- Born: 1966 Melbourne
- Education: Victorian College of the Arts
- Occupation: Fashion designer
- Website: martingrantparis.com

= Martin Grant =

Australian fashion designer

Martin Grant is a Paris-based, Australian fashion designer. He has created outfits for Naomi Campbell, Cate Blanchett, Emma Stone, Tilda Swinton and Lady Gaga. The National Gallery of Victoria has held exhibitions of his work in 2004 and 2025.

== Early life ==

Born in Melbourne, Australia, Grant was one of six siblings and became interested in fashion at a very early age with his kindergarten drawings featuring dresses. He was taught to sew by his seamstress grandmother. He attended Nunawading High School until the age of 15 when he left to pursue fashion and joined the evening wear designer Desbina Collins. In 1982 Grant launched is first ready-to-wear line. He built a reputation through the Fashion Design Council, which staged runway shows of emerging and avant-garde designers.
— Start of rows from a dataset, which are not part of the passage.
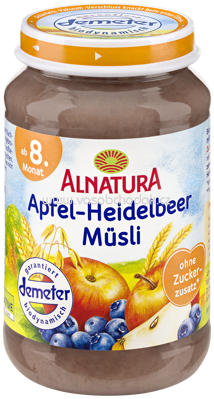 Alnatura Apfel-Heidelbeer-Müsli, ab 8. Monat, 190g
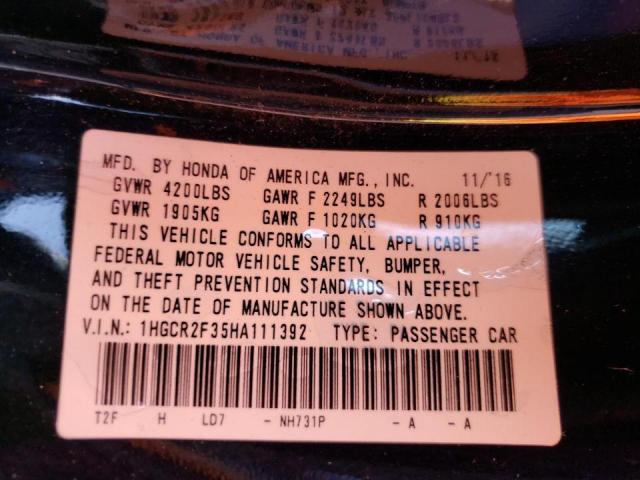 1HGCR2F35HA111392 Honda Accord Lx 2017. Фото: 9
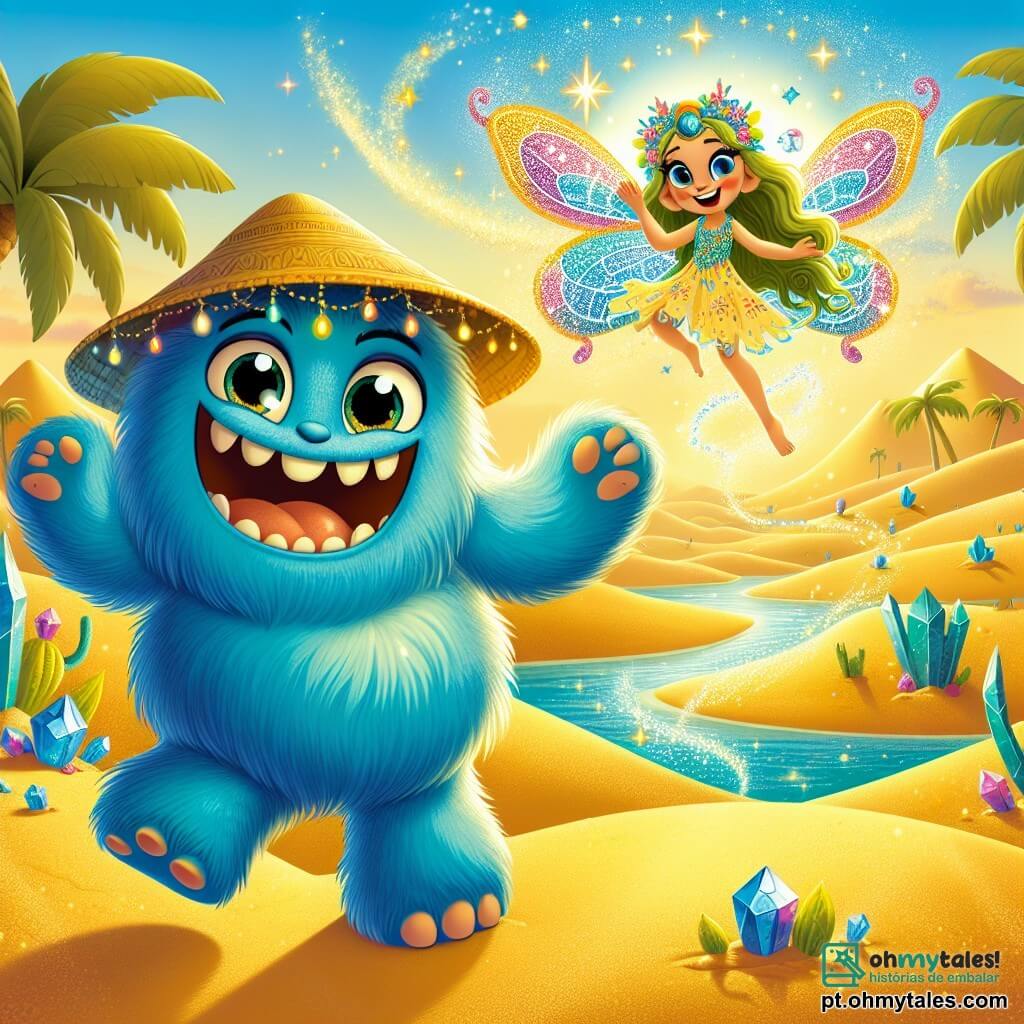 No centro da imagem, um monstro gentil chamado Zé, com pelagem azul brilhante, olhos redondos como bolinhas e um largo sorriso, dança alegremente na areia dourada do deserto. Ele tem uma expressão cheia de alegria e excitação, enquanto segura um chapéu de palha na cabeça. Ao lado dele, Lila, uma pequena fada com asas cintilantes de cores vivas, voa pelo ar, sorrindo e lançando faíscas mágicas ao redor. O cenário se passa no deserto mágico de Arealuz, onde dunas de areia dourada se estendem até onde a vista alcança, salpicadas de palmeiras verdes e cristais brilhantes que cintilam sob o sol. Ao fundo, uma oásis resplandecente com água cristalina e frutas coloridas se destaca, iluminada pela luz do sol poente. A cena principal mostra Zé e Lila celebrando sua chegada à Oásis Dourada, cercados de risos e magia, enquanto se preparam para compartilhar frutas deliciosas e aproveitar sua amizade neste lugar encantador.
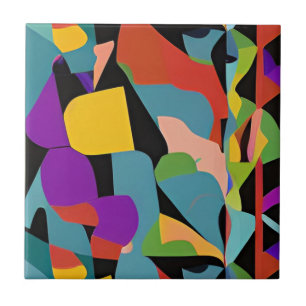 Colorful boho modern abstract art blue red pattern tile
In 1988 he received the Cointreau Young Designer award.

Despite his rapid rise in fashion at the age of 21 Grant enrolled in sculpture at the Victorian College of the Arts but cut his studies short after two years to relocate to Paris to once again pursue fashion.

== Move to Paris ==
Grant decided to leave Australia in 1990 and lived for a time in London before settling in Paris. Grant worked in Paris making garments; at first with Australian artist Liz Sterling, and later under his own name. In 1996 he opened a boutique in the Rue des Rosiers. It was here that Grant's big breakthrough came when Naomi Campbell modelled at his boutique.

In 2013 Martin designed the uniforms for the Australian Qantas airline. The National Gallery of Victoria exhibited Grant's work in 2004 and again in a major retrospective in 2025 after Grant donated more than 200 designs from his archive to the gallery.